Since the counter-top gets the most wear in actively used studios, this may allow you to go with Corian or similar surfaces rather than the customary laminates. Our original studio configuration with a laminate top lasted through some 20 years of live programming, but it was pretty worn when we bit the bullet and replaced everything. And the most wear was on the table-top edges, where belt buckles, swivel chairs, etc. just peeled off the edges.
Rack-mount equipment: You can buy just the rack rails from Middle-Atlantic. In our "the owner is Scots-Irish with New England Yankee cheap bred in" rebuild,(that's me!) I used a cut-down 24" kitchen cabinet base from Lowes for floor-mounted racks. Finish 2 x 4's painted black spaced in the rack rails; pulling the drawer and shimming in a perforated vent panel kept everything from overheating. I am sure your local kitchen cabinet guys can come up with something better if you give them the rack rails and a couple of rack panels for spacing.

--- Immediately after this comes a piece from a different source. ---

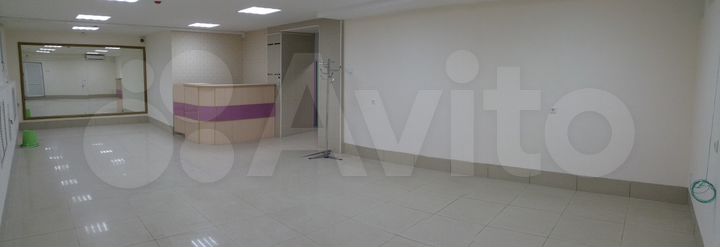 Торговая площадь, 15 м²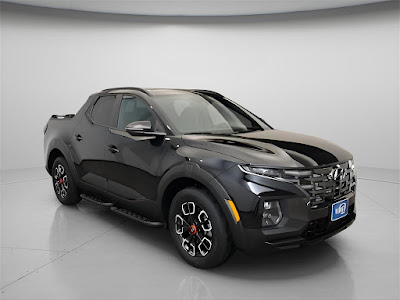 2024 Hyundai Santa Cruz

Our final control room installation cost around $2K with installation (of the cabinetry, not the electrical/electronics wiring). It is "T" shaped, using 2/24" cabinets (for the rack mount equipment), a 36" sink base, a 30" cabinet, and another 30" drawer base. The top of the "T" runs along the studio wall, the arm of the "T" goes out about 5 feet and is supported by the 30" cabinet, holding up the console & allowing for two guest positions opposite the board op. (If you are counting up--there's a gap at the head of the "T" for my wiring terminations--the wall is about 13"). Since stock kitchen cabinets are 35+", our installer cut them down by about 4 1/2 inches to be closer to standard desk top. Granted, hard to get an even cut, but in our case a poured concrete floor made that academic--everything had to be played with to get it level. New carpet camouflaged the edges.
This design contemplated nothing on top of the counter-top except for the console, LCD monitor, kb & mouse, and a telephone. The extra drawers provide lots of studio storage space for pens, legal pads, etc. that accumulate in the studio; the two rack cabinets held Starguides, EAS, console p.s., monitor amp; the sink base the computer and the usually special purpose kluge boxes.
Anyway, before you become wedded to the custom built "broadcast" furniture, you might inquire about local kitchen cabinet builders. One source of referral info is your local franchise restaurant owners, who use a lot of custom built counter-tops and cabinets that have to hold up to a lot of abuse.